Cohort, retrospective, n=141 Bryan Naelitz and colleagues investigated 141 men in 2020 in the Journal of Urology who had symptoms of hypogonadism and only mildly elevated prolactin and who underwent imaging of the pituitary gland. In 28 percent the image showed an abnormality. Men with an abnormal image had higher prolactin, lower testosterone, and a markedly higher ratio of prolactin to testosterone. This ratio proved to be the best single predictor of whether the imaging shows something. This suggests that even simple blood values can help to select, in a targeted way, the men in whom imaging really makes sense.

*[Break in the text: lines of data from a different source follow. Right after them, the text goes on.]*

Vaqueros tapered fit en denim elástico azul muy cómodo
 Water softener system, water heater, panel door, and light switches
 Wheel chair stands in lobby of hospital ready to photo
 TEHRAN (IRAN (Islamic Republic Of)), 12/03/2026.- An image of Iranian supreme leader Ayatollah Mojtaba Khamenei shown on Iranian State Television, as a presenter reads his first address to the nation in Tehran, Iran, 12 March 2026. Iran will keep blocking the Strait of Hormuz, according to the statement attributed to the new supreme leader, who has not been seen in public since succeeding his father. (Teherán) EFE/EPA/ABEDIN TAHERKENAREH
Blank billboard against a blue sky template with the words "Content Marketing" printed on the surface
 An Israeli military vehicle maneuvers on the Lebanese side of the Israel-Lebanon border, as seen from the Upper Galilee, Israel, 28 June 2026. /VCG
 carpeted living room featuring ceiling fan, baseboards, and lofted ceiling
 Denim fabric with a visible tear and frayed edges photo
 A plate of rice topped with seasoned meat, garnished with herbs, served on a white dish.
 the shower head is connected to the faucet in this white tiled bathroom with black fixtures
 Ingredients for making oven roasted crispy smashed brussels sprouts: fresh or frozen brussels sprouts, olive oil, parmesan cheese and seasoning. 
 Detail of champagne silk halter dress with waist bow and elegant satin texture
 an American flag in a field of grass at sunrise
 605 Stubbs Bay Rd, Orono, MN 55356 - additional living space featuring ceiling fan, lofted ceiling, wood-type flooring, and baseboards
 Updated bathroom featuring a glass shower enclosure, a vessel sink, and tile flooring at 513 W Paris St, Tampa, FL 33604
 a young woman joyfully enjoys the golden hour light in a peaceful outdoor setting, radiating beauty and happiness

Naelitz BD, Shah A, Nowacki AS, et al. J Urol. 2020;205(3):871-878. doi:10.1097/JU.0000000000001431 · PMID: 33080146
"A slightly elevated prolactin means a brain tumor right away." That is not so. Many things can temporarily raise prolactin: stress, physical exertion, a blood draw at the wrong time, certain medications, or an underactive thyroid. A single, slightly elevated value is therefore no reason to panic, but a reason to measure calmly and ideally repeatedly and to look at the other values alongside it. Only the overall picture decides whether imaging makes sense.
The thyroid: through SHBG right inside the testosterone level
Let us come to the second overlooked axis. The thyroid is the timekeeper of metabolism. It determines how fast the cells work. That it also has a hand in the testosterone level is less well known, but well founded. The main route runs through a binding protein with the unwieldy name SHBG, sex hormone-binding globulin.
SHBG is something like a taxi for testosterone in the blood. Only the unbound, free testosterone is immediately active. How much SHBG is present therefore changes how the testosterone is distributed. And this is exactly where the thyroid steps in. In an overactive thyroid SHBG rises, so more testosterone is bound. Total testosterone can then look high, although the free, active testosterone does not rise accordingly. In an underactive thyroid SHBG tends to fall, and total testosterone can appear lower. Whoever looks only at the total value can easily be misled here.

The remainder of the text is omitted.